By the end of the year, the 51-year-old Parker will be at the helm of a combined American and US Airways – the world’s largest airline. Horton, also 51, will serve as chairman for about a year and then depart the company he worked at for nearly a quarter century. For his efforts, he will receive $19.9 million in cash and stock as well as a lifetime of free first-class tickets on American for himself and his wife.

Parker and Horton have spent most of their lives in the airline business. But that’s where the similarities end.

Horton is a buttoned-up guy who loves long runs and starts each morning with a bowl of oatmeal and freshly cut Texas peaches. Parker, on the other hand, is easily the life of a party. He commands a room and fills his conversations with energy.

There was never going to be room for both at the top of American.

AT OPPOSITE ENDS OF MERGER

This is the story of how two old friends and former proteges of legendary American Airlines CEO Robert Crandall found themselves on opposite ends of what may be the last great airline merger in the U.S. Horton and Parker declined to comment but interviews with executives, union officials, lawyers and others connected to the deal outline how it was filled with tactical negotiations, clandestine meetings and gut-wrenching decisions. The prize: A chance to bring American back to its glory days.
Horton initially was safe in his job.

When American’s parent, AMR Corp., filed for bankruptcy five days after Thanksgiving in 2011, it did so from a unique position.
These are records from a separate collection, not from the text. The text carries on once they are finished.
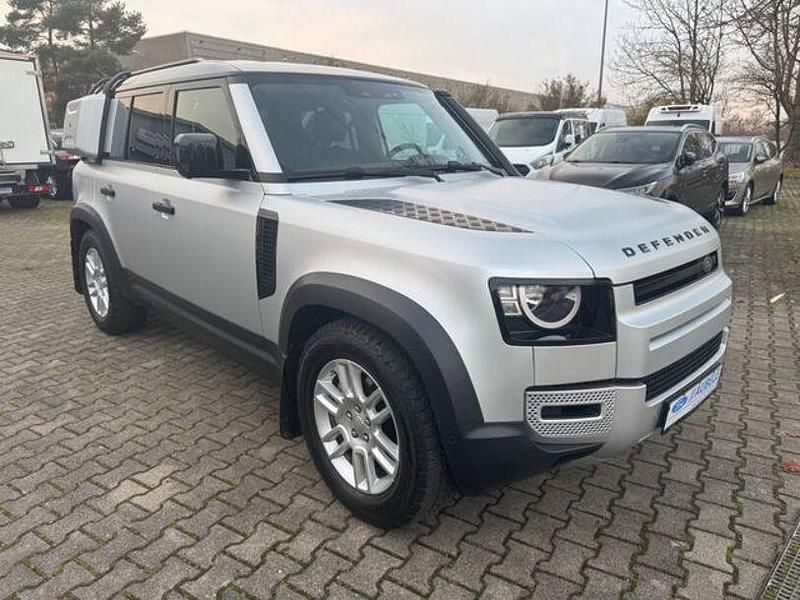Gebraucht Land Rover Defender S 400 PS (294 kW) 2020 Silber SUV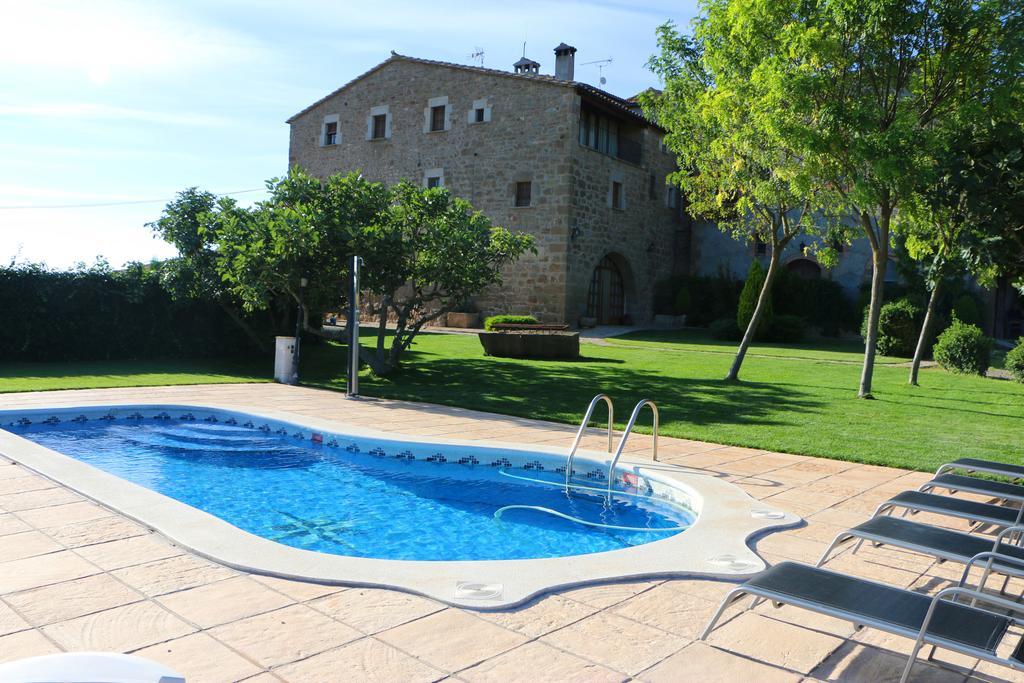 Masia Cal Mas Sant Serni de Llanera Habitación foto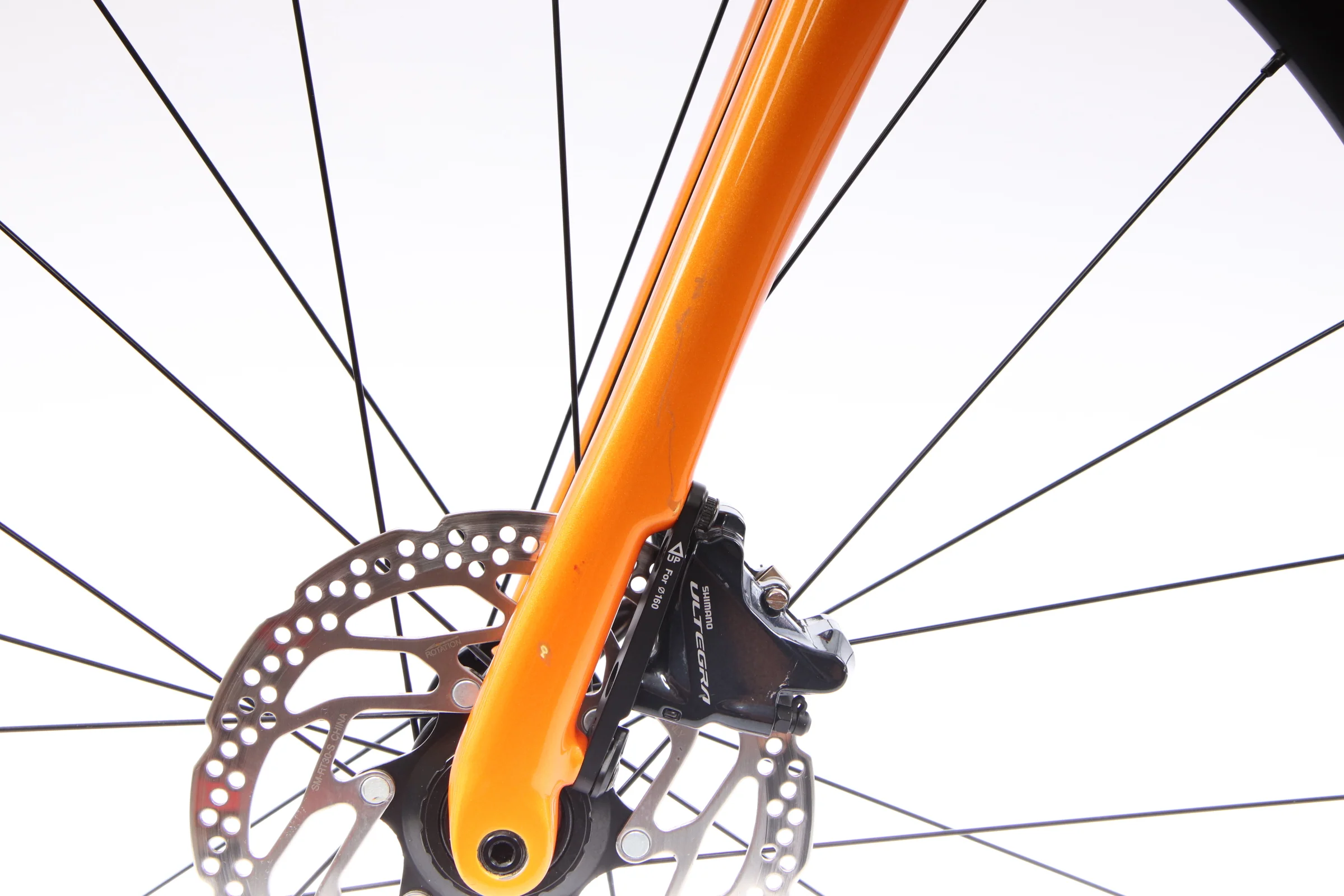 2020 Cannondale Synapse Carbon Disc Ultegra  Road Bike - 48cm - Image 13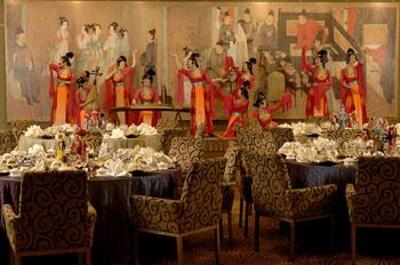 фото отеля Sheraton Xi'an Hotel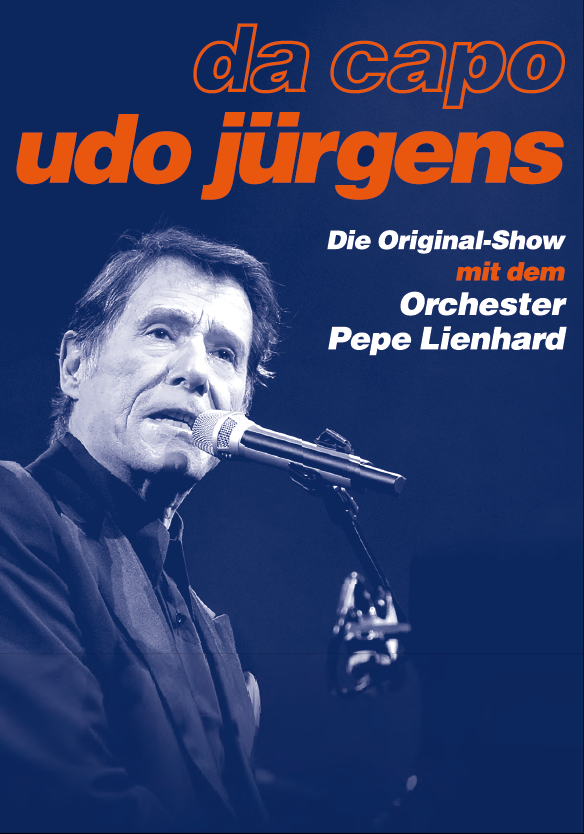 Da Capo Udo Jürgens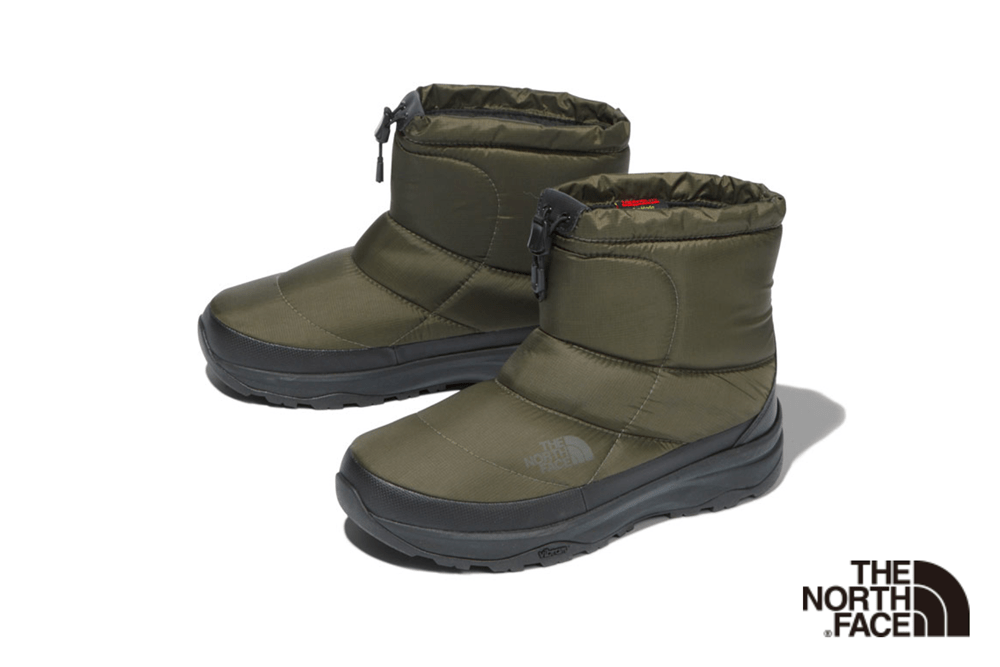 THE NORTH FACE 軽量防水ブーツ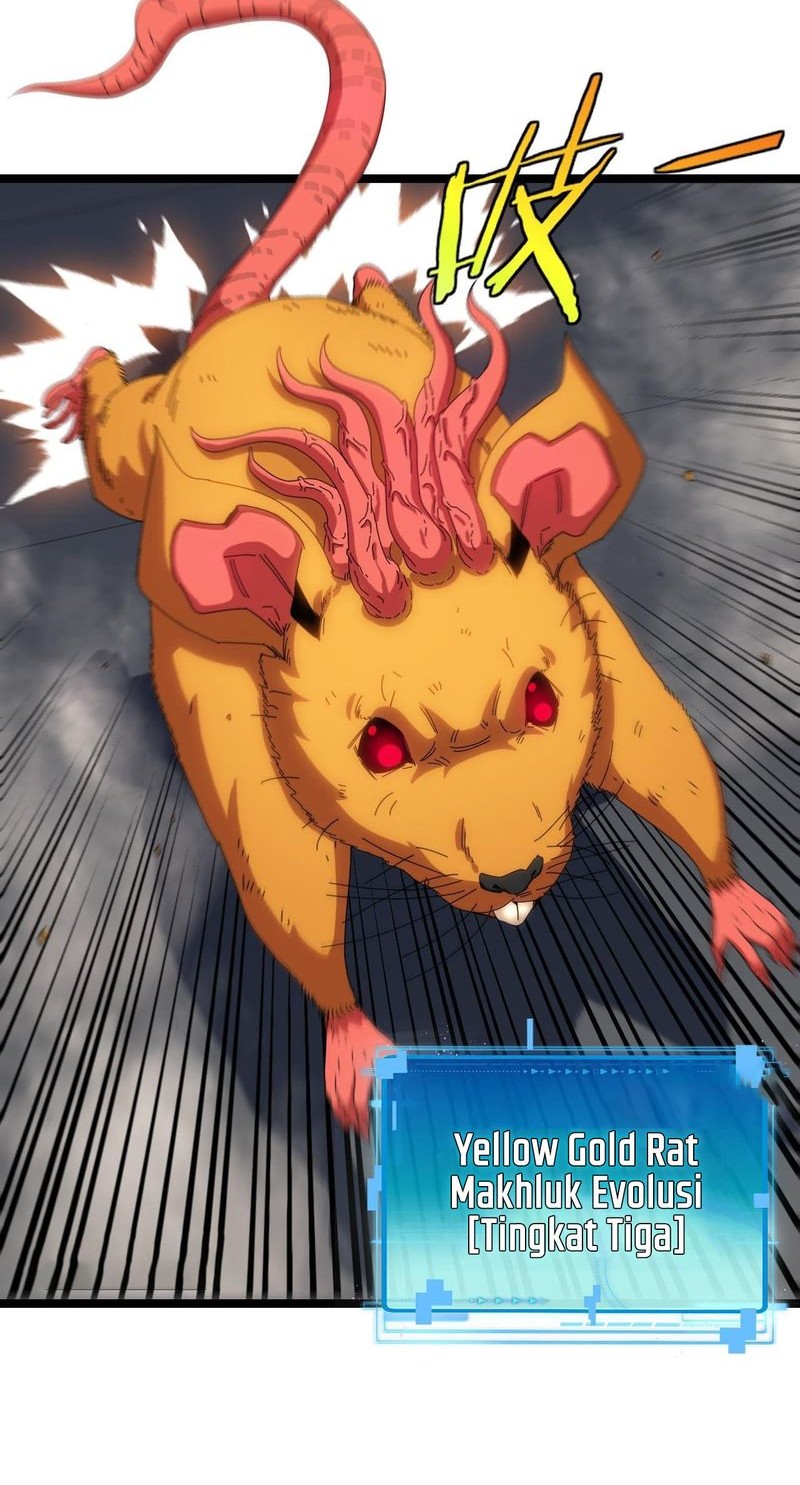 Divine Leveling System Chapter 60 - halaman 5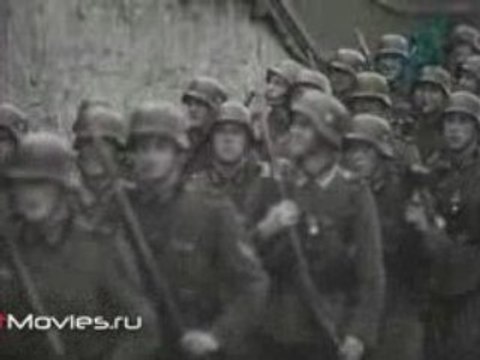 Цветы времен оккупации. Сериал из забытой хроники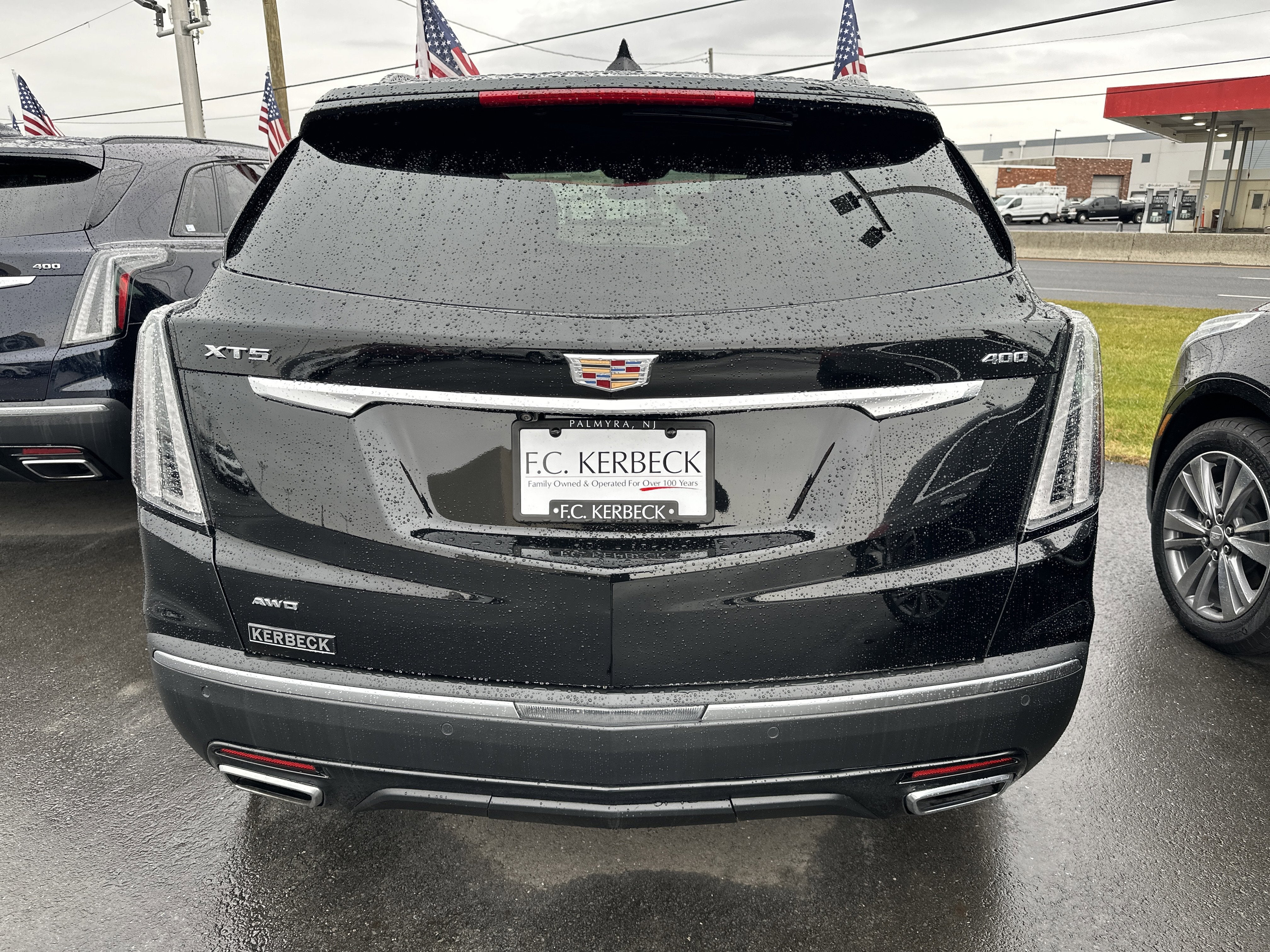 2022 Cadillac XT5 Sport
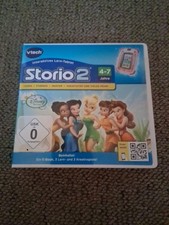Vtech storio lernspiel feen - storio, 2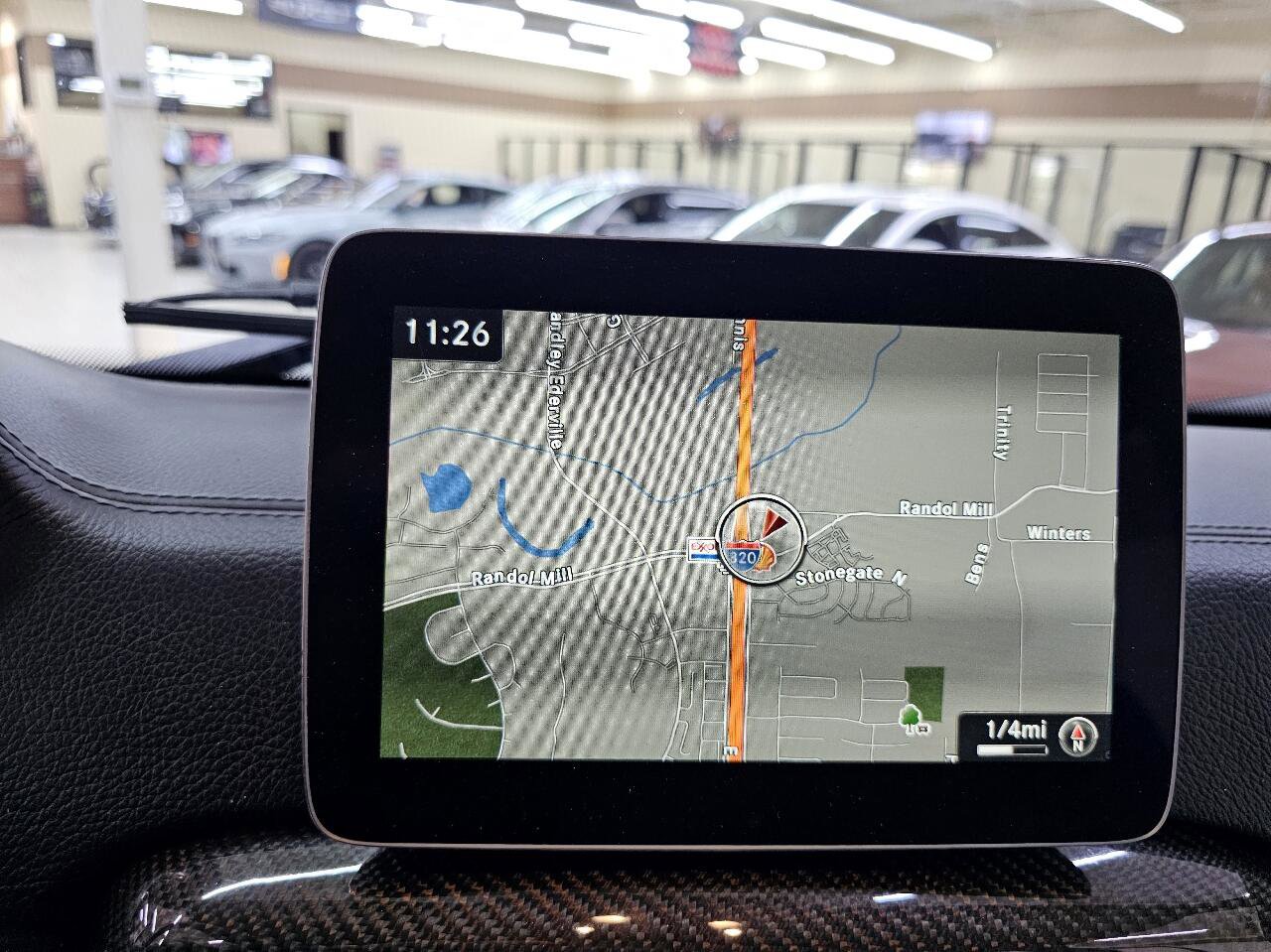 Used 2017 Mercedes-Benz G 63 AMG 4MATIC image 34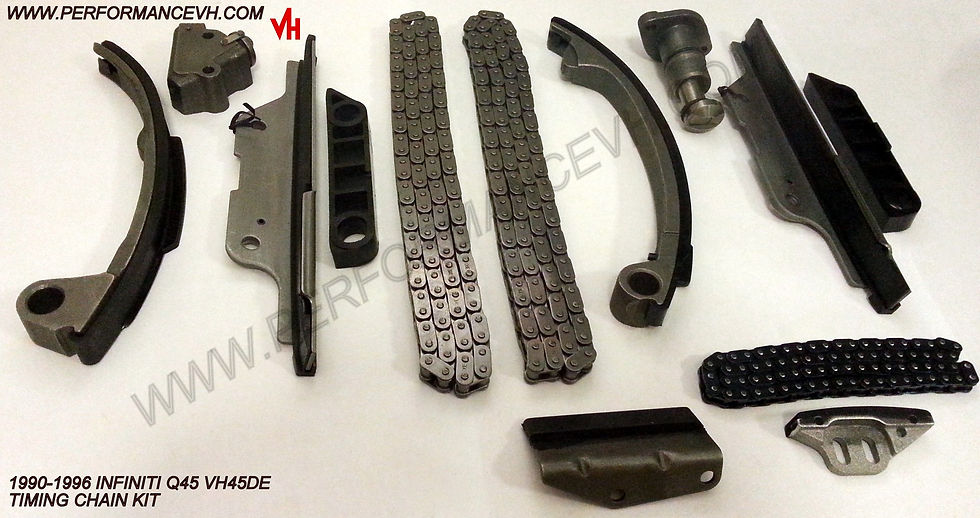 VH45DE Timing Chain Kit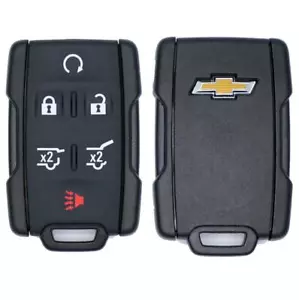 LIKE NEW OEM 15 2016 2017 2018 2019 CHEVROLET TAHOE KEYLESS REMOTE FOB 13577766 - Picture 1 of 3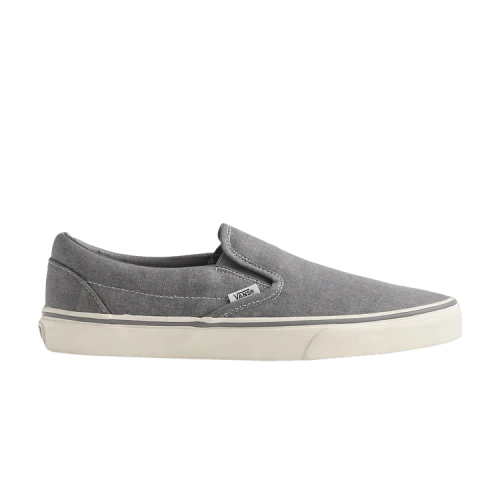 Vans Classic Slip-On 'Washed - Nickel'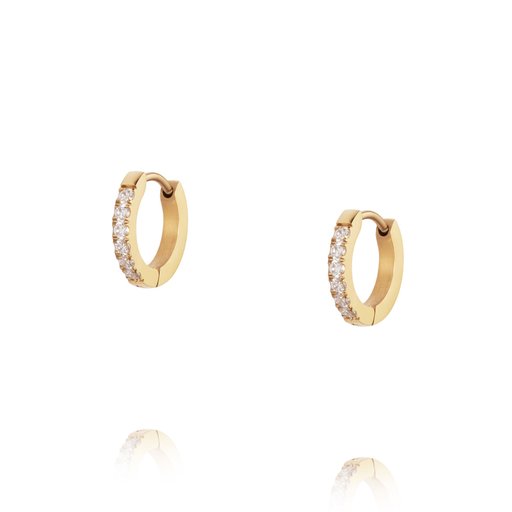 Mockberg Shiny Hoops korvakorut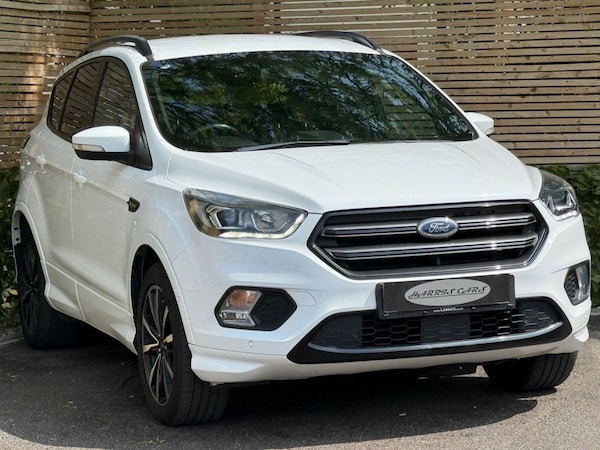 Used Ford Kuga 2018 for sale - 74553791: Photo 6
It had lost more than $12 billion during the past decade but still had $4.1 billion in cash. That meant it didn’t need to borrow money to keep operating, and that gave Horton more autonomy and control over the company’s fate.

His first task was to get the airline to stop bleeding money. Aircraft leases and vendor agreements were quickly changed. The airline reviewed every part of its revenue and moved to cut labor expenses.
This was not the time to work out a merger, although Wall Street analysts were already speculating.

The official line became: American was open to a merger, but only after it emerged from bankruptcy protection. Horton’s preference was for American to remain an independent airline. The unspoken reason was that American wasn’t worth as much as executives hoped it would be later.

And that’s exactly why Parker wanted to move quickly, while he still had the upper hand and could pay significantly less. US Airways hadn’t signed new contracts with its unions in years. That was benefiting shareholders. Eventually, Parker would need to pay out large raises, which would weaken his position in any merger. Time was of the essence.

CREDITORS TAKE ACTIVE ROLE

In January 2012, Parker decided to shop around his idea for a merger on Wall Street and in Washington.